Problem
Consider an example:
program test
integer, parameter :: N = 5
real :: x(N)
!$omp parallel workshare NUM_THREADS(5)
x = get_thread_num()
!$omp end parallel workshare
print *, x
contains
impure elemental integer function get_thread_num()
use omp_lib
get_thread_num = omp_get_thread_num()
! print *, get_thread_num
end function
end program test
Output:
$ flang-new x.f90 -fopenmp && ./a.out
0. 0. 0. 0. 0.
$ gfortran x.f90 -fopenmp && ./a.out
0.00000000 1.00000000 2.00000000 3.00000000 4.00000000
As you can see the assignment is happening in the single thread itself.
Also, It seems we have implemented a workaround for workshare here: [Flang][OpenMP] : Add a temporary lowering for workshare directive by kiranchandramohan · Pull Request #78268 · llvm/llvm-project · GitHub
FIR
[...]
omp.parallel {
omp.single {
[...]
omp.terminator
}
omp.terminator
}
[...]
The Workshare construct allows only the following
- Array & Scalar assignments
- Forall statements & constructs
- Where statements & constructs
- parallel, critical & atomic constructs
Solution
- Scalar Assignments: Enclose the scalar assignments into single construct.
!$omp parallel workshare
x = x + 1
y = y + 1
[...] ! Other statements
z = z + 1
!$omp end parallel workshare
omp.parallel {
omp.single {
[...] // x = x + 1
[...] // y = y + 1
omp.terminator
}
[...] // Other constructs
omp.single {
[...] // z = z + 1
omp.terminator
}
omp.terminator
}
- Array assignment: Enclose the array assignment within a wsloop construct
!$omp parallel workshare
x = x + 1
!$omp end parallel workshare
omp.parallel {
omp.wsloop ... {
[...] // x = x + 1
}
omp.terminator
}
- Forall statement: No modification
- Where statement: No modification
- Critical and Atomic: No modification (should run on the single thread)

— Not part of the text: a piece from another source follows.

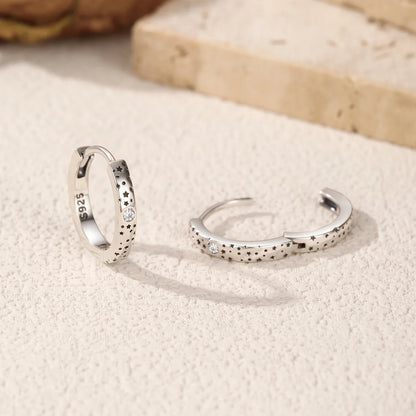D Color Moissanite Ear Buckles 925 Sterling Silver Sparkle Retro Hollow Stars Hoop Earrings For Women Fine Jewelry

For 3, 4 and 5, I need to implement and check if everything works as expected.
I’m new in writing an RFC, if any other details to be added, please let me know.
Thank you
Thanks @thirumalai for writing this RFC. As mentioned in the patch the existing lowering to single is a temporary one till the real lowering comes in. Ivan who has working with @jdoerfert was working on a lowering for the coexecute construct (OpenMP 6.0) that is similar to the workshare construct. We have to check whether Ivan has plans to upstream this.
Regarding the use of omp.wsloop
, the previous issue was that we always had the loop control along with omp.wsloop
. This was relexed recently but it still requires omp.loop_nest
that has the loop control. For array assignments in HLFIR an hlfir.assign
operation will be created and this will further be lowered to a _FortranAAssign
runtime call or a loop.
hlfir.assign %2#0 to %1#0 : !fir.box<!fir.array<?xi32>>, !fir.box<!fir.array<?xi32>>
So omp.wsloop
will have to be modified to work with hlfir.assign
and the lowerings to the runtime call/loop be modified suitably.
1 Like
I have posted an RFC for my workdistribute
proof of concept implementation here.
I think the idea of using high level transformations in hlfir
and then adding a custom lowering for those to openmp operations should work here as well. However, the scope of the allowed statements inside a workshare
is larger so further work may be needed for this than for workdistribute
.
Other than assignments, array intrinsics should also be considered as they also lower to runtime calls such as _FortranAAssign
.
I believe one option here is to provide OpenMP-enabled implementations of these functions.
Most of the complexity in my workdistribute
implementation stems from the inability to synchronize code in an omp distribute
and the need to alter the host/target boundary both of which are not a problem here so it should be simpler in that way.
@thirumalai Would you be interested in going through @ivanradanov’s RFC and discussing its suitability for workshare
?
Separately, ifx seems to be doing something similar to the temporary lowering in flang-new
. Compiler Explorer
I see that OpenMP 5.2 has a few more restrictions that makes this particular example non-conforming.
The construct must not contain any user-defined function calls unless either the function is pure and elemental or the function call is contained inside a parallel construct that is nested inside the workshare construct.
I think work-distribution has the similar restrictions, we can have the same implementation for both.
Yes, I used the above example to check the thread usage. After implementing the workshare. I will add the required semantics check to catch it : )
Overall, it looks great. Thank you very much.
I’m new to the llvm-project, so I’m leaving it to experts to provide suggestions.